# What Is Love?



## Justme (May 24, 2012)

I believe that love is something we all have inside of us. It is not a bottomless well, but the desire for love is eternal. Lets call this well a reservoir, because Love is really a finite resource. It can only pour out for so long and at so much a pace, until it runs very low and finally dries up. At that time you become cynical and some turn to hanging on others, hoping and envying the love they have with others.

I think that a person needs to find someone to expend the love that they have inside themselves. They can fake what they truly desire and lie to themselves as well as their partners, but this will only be a substitute to finding that one special person.

The only way that they can fully be the person they are is to find the love they desire and embrace it in the arms of those they need. Only then can this reservoir be replenished and this will allow them to pour more of that love out as the milk of human kindness out upon the rest of the world.


----------



## Caged Maiden (May 24, 2012)

There's different types of love.

I love drawing, when what I really mean is that I feel calm when I'm doing it and proud when I look on my work.

I love cooking, when what I really mean is that it makes me feel appreciated when people allow me to comfort them.

I love my costumes, when what I really mean is that I feel confident and beautiful when I wear them.

I love my car, when what I really mean is, "Get your F***ing hands off my car or I'll rip your arms off and beat you to death with them!"

I love my husband, when what I really mean is that I have deep respect and admiration for the man who is my partner in all things and allows me to be myself, and accepts me as I am.

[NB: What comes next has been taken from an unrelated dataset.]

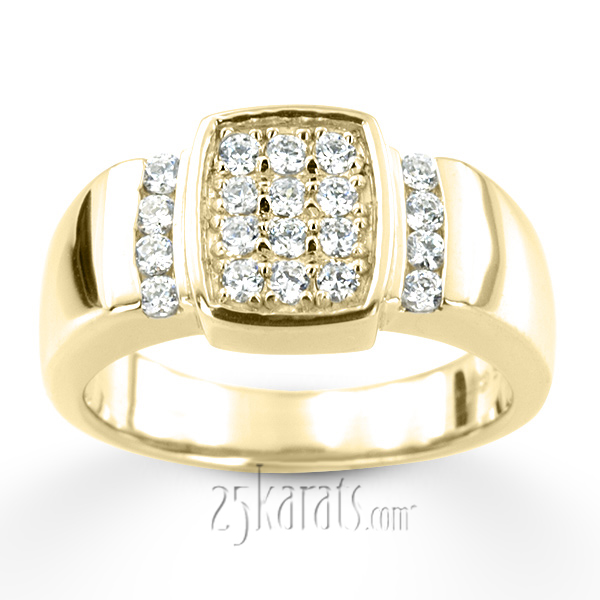 0.80 ct. Channel and Prong Set Diamond Man Ring - view 2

I love my children, when what I really mean is that I would sacrifice myself and the things I want or need to make sure they have what they need first.

Many people don't ever think about why they love someone or something, but if you look closely, I think it has a whole lot to do with how something makes you feel.  Don't get me wrong, we are all complicated people, and many of us love complicated people.  But in my life, I've given this question a lot of thought, and realized that whenever I fell out of love with someone, it was usually because they made me feel bad about myself, or because I lost respect for them.  

A relationship between two people is a complicated thing, and love must be learned, because if you cannot  love someone selflessly, it is nothing more than an obsession or infatuation.  I think most peoples' ideas of love come from a very selfish place unfortunately, and they never get to experience the true deep love that grows from mutual respect and a genuine desire to see another be happy, even if it means it's without you.  I count myself lucky that I know what that feels like, because it's a freeing experience.

I love my life.


----------



## Telcontar (May 24, 2012)

Baby don't hurt me.


----------



## Chilari (May 24, 2012)

Telcontar: That's what I was thinking too.


----------



## Aravelle (May 24, 2012)

As to quote a song, "Love, love is the only truth."
For me personally, love is everything. Love is what kept me alive, it's what I live for. I thrive on love in all its forms just as much as I do on water and air and food. Love is a universal force, that can unite all sorts of people. Its just.... love.


----------



## Rikilamaro (May 24, 2012)

There are three kinds of love.
Eros, Filos and Agape.

Eros - Or erotic love. The first whirlwind attraction you feel towards another person. Your heart pounds, your hands sweat. This love is short term, superficial, and unsustainable. It's what I thought of when you said that love runs out.

Filos - Brotherly love. This includes friendship. It is the feeling I have for not only my brother, but my best friend, her family, etc. It's the love that many people say they have for their spouses after 30+ years. It can be deep, abiding, and constant.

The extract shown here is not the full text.